**REQUIRED ACTION:** Whenever a line of the records below contains the word "size", copy that line.

**SUPPLIED DATA:**
☆ ☆ ☆
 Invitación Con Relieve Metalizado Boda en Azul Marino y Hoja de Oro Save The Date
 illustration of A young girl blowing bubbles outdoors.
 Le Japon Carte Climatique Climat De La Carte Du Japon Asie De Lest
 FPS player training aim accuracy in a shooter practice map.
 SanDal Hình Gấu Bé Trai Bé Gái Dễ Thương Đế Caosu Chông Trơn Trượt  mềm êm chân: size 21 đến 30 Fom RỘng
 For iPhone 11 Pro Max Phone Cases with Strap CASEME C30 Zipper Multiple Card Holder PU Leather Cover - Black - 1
☆ ☆ ☆
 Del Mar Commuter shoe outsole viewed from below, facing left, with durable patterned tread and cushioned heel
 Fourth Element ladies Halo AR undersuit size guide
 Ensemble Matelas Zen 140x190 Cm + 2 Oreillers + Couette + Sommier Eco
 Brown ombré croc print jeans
☆ ☆ ☆
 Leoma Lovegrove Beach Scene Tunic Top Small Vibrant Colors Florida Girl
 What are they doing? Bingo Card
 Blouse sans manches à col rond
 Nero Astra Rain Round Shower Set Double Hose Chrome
☆ ☆ ☆
**OUTPUT FOR THIS EXERCISE:**
 SanDal Hình Gấu Bé Trai Bé Gái Dễ Thương Đế Caosu Chông Trơn Trượt  mềm êm chân: size 21 đến 30 Fom RỘng
 Fourth Element ladies Halo AR undersuit size guide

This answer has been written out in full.